The current chairman of the Democratic Progressive Party is President Lai Ching-te. The current chairman of the Kuomintang is former Vice Premier Eric Chu.

=== Turkey ===
In Turkey, the party chairpersons are the de facto party leaders. The leaders of all major political parties are chosen during their respective political party's leadership conventions upon the completion of a leadership election. Exceptions to this process sometimes occur when Members of Parliament leave their former party to form a new party. It is possible to co-chair a party. The party leader is the most prominent politician of the party and is usually considered to become the head of government. However, a party leader may also put forward a different candidate for the elections. The party leader (chairperson) can not be the same as the party's General Secretary.

=== United Kingdom ===
The method of selection of the party leader varies from party to party, though often it will involve an election involving all or part of the party membership. In some parties, only incumbent members of the parliamentary party, or particular party office-holders, may vote; in others, such as the British Labour Party, though the entire membership is eligible to vote, some electors may have a much larger share of the vote than others (see also Superdelegate for a similar concept). If only one candidate emerges, they are said to be "elected by acclamation" or "ratified" by the general membership (sometimes the term "anointed" occurs informally or in media discourse).

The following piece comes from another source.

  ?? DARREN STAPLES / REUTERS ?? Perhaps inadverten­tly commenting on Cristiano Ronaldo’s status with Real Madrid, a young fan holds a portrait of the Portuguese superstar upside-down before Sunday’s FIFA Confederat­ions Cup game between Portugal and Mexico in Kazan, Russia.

Sir Keir Starmer is leader of the Labour Party and Prime Minister, while Kemi Badenoch was elected the leader of the Conservative Party, and thus Leader of the Opposition, in November 2024.

===United States===
If elected, political parties have party leaders in the executive branch of the United States government. The President becomes the de facto leader of their respective political party once elected, and the Vice President likewise holds a leadership role as both the second-highest executive officer and the President of the Senate. However, major parties also generally have a National Committee as their governing body, which has separate leadership roles.

The legislative branch, otherwise known as the United States Congress, is made up of the upper chamber, the Senate, and the lower chamber, the House of Representatives, with party-elected leaders in each. The leader of the party with most of the representation (sometimes called the party-in-power) in each case is known as the majority leader, whereas the leader of the opposing party with the most members is known as the minority leader.

Party leaders in the United States Senate have been elected by their respective political parties' caucuses since 1913. They include President of the Senate JD Vance, President Pro Tempore of the United States Senate Chuck Grassley, Senate Majority Leader John Thune and Senate Majority Whip John Barrasso on the Republican side, and Senate Minority Leader Chuck Schumer and Senate Minority Whip Dick Durbin on the Democratic side.

The party leaders of the House of Representatives are elected by their respective parties in the House by secret ballot. The Republican Party is represented in the House by Speaker of the House of Representatives Mike Johnson, whereas the Democratic Party is represented by Minority Leader Hakeem Jeffries. In the House of Representatives, the most powerful official is the House-elected Speaker.

Ken Martin serves as the chair of the Democratic Party, while Joe Gruters serves as the chair of the Republican Party.